Mapping an Historic Conservation District within Cookstown

Among the dozens of action items arising from the Inspiring Innisfil strategic plan that Town staff are working through, is the recommendation to designate parts of Cookstown as an Historic Conservation District:

  • Investigate the establishment of one or more Heritage Conservation District(s). Cookstown is a strong candidate … as a potential location; this would also have the possible desired effect of redirecting the truck traffic on Highway 89 to allow the community to recover its small town ambience and character. (Inspiring Innisfil – Tourism & Culture Strategy 13)

“The Ontario Heritage Act enables a municipality to designate the whole or any part of an area as a heritage conservation district. This allows City Council to administer guidelines designed to protect and enhance the special character of groups of properties in an area as redevelopment proceeds. The character is established by the overall heritage quality of buildings, streets and open spaces as seen together.” (www.heritagetoronto.org)

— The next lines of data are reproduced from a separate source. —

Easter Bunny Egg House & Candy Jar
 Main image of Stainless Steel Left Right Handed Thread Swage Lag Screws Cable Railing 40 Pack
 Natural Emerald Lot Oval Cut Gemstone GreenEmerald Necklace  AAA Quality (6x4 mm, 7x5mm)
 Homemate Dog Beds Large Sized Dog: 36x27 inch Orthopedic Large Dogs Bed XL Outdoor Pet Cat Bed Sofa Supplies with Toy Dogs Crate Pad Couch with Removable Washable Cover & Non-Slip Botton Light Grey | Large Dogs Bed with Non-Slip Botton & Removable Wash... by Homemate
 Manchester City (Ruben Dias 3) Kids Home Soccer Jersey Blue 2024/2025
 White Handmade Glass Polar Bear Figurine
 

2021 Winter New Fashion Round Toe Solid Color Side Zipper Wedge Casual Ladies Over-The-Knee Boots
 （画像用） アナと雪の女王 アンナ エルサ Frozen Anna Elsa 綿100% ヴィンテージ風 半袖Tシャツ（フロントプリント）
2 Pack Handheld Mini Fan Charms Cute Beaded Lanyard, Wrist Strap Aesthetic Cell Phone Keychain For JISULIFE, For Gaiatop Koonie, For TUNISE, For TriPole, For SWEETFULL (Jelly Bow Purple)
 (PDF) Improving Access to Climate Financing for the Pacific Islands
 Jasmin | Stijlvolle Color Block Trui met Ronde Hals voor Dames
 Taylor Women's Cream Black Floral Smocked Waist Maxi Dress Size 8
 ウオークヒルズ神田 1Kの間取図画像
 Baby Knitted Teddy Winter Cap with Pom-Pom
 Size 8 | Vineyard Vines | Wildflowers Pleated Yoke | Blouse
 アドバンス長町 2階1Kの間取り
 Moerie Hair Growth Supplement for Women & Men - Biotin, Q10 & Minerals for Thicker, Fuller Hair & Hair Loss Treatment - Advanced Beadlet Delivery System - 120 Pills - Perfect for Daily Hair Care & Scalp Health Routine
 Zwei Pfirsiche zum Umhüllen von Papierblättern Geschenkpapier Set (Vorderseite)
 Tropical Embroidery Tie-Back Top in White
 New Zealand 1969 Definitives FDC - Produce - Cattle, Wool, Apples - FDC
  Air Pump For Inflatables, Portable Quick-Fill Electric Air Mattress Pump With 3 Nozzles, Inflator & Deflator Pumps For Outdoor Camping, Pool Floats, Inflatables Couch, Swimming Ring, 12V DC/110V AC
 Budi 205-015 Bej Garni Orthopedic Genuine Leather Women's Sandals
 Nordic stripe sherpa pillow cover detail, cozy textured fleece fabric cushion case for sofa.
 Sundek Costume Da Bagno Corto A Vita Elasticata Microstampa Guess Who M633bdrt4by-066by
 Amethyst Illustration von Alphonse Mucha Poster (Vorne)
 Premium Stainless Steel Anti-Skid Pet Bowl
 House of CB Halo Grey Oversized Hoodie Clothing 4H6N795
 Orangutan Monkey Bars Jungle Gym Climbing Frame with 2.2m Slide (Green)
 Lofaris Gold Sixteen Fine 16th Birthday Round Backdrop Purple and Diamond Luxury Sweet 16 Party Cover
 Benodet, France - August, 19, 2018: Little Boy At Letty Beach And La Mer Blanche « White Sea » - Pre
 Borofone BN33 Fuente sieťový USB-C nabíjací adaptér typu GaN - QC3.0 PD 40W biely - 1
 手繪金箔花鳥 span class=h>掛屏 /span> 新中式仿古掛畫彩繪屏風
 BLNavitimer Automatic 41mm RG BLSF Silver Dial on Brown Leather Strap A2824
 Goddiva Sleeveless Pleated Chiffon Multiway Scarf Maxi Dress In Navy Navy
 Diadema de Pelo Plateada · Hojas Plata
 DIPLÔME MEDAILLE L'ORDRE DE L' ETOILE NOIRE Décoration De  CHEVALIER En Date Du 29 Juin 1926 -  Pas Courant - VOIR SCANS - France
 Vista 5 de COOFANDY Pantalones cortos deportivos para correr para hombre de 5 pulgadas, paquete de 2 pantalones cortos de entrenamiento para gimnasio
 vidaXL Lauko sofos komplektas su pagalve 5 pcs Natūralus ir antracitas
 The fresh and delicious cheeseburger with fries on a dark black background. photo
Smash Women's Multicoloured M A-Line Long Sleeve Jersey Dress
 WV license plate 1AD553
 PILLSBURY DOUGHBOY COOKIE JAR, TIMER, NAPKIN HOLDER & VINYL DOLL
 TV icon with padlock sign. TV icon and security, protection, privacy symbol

One of the first steps in the process would be to map out what areas and features of Cookstown should be included as part of such a district. Where does history begin? What makes Cookstown unique? What needs to be preserved? Only Cookstown residents have the answers.

“The Ontario Heritage Act requires a study of the area, which provides background to the historical, architectural and character-defining features that make the area special. Design guidelines are also developed for the proposed area.

By chance, I happened to notice comments about heritage districts from Mark Reid, a partner and planner with Urban Strategies quoted in the weekend press. His discussion related to Toronto’s Kensington Market but is relevant to Innisfil as well:

“I’m a firm believer that you can’t stop change, that you should get in front of it and plan for it. If we don’t the development community will… A Heritage Conservation District contains the strongest policies that are the least able to be overturned at the Ontario Municipal Board.”

Public consultation and engagement is an essential part of the process to gain public support and to avoid over-regulation in the preservation guidelines. Cookstown residents are known to be fiercely protective of their identity within Innisfil. Before long, they may have an opportunity to participate in the task of defining the dimensions of, and limits to, change in their historic neighbourhood.

It may be a refreshing change from past preoccupation with urbanization in Alcona, for Cookstown residents to take the spotlight in wrestling with how Innisfil will evolve.